====== RECORDS SUPPLIED
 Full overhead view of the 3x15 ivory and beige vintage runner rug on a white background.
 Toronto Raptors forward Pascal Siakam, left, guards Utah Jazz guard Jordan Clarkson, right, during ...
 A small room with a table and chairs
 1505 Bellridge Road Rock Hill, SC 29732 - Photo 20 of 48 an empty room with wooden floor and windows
============
====== RECORDS SUPPLIED
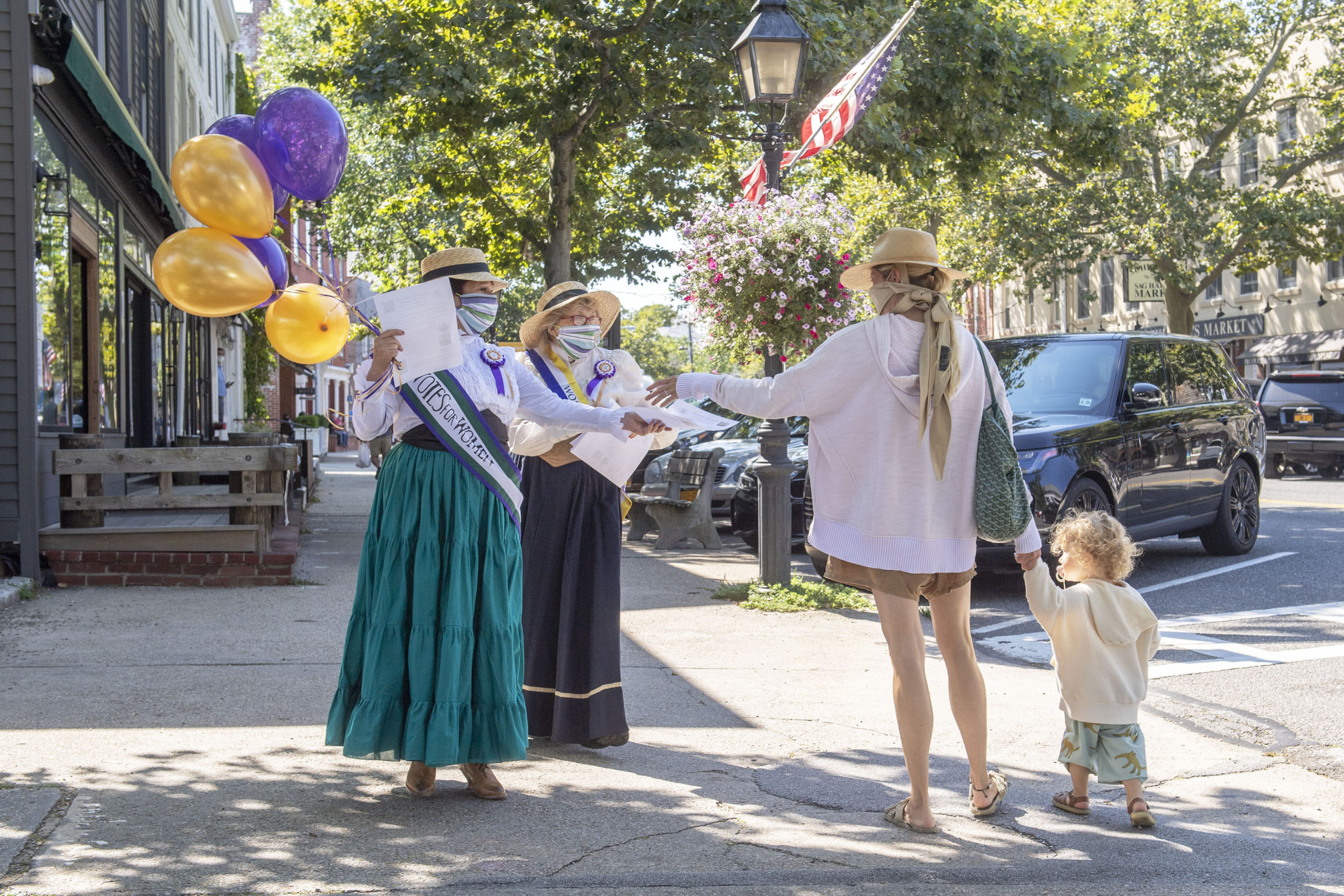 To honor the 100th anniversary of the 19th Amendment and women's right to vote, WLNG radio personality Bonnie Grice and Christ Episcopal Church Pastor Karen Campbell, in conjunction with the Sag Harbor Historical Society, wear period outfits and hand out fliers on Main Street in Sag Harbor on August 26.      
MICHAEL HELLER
============
====== RECORDS SUPPLIED
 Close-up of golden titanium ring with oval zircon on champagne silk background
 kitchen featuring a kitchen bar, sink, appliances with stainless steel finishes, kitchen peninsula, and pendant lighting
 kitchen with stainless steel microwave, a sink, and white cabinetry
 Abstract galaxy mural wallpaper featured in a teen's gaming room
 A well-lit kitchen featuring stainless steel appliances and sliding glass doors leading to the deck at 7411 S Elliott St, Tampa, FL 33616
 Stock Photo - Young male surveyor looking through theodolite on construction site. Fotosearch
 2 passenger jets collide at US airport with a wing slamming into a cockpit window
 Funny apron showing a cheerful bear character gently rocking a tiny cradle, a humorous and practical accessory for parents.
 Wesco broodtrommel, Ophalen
============
Retype exactly the lines above, from the one with "kitchen with stainless" through the one with "Wesco broodtrommel, Ophalen", inclusive.

 kitchen with stainless steel microwave, a sink, and white cabinetry
 Abstract galaxy mural wallpaper featured in a teen's gaming room
 A well-lit kitchen featuring stainless steel appliances and sliding glass doors leading to the deck at 7411 S Elliott St, Tampa, FL 33616
 Stock Photo - Young male surveyor looking through theodolite on construction site. Fotosearch
 2 passenger jets collide at US airport with a wing slamming into a cockpit window
 Funny apron showing a cheerful bear character gently rocking a tiny cradle, a humorous and practical accessory for parents.
 Wesco broodtrommel, Ophalen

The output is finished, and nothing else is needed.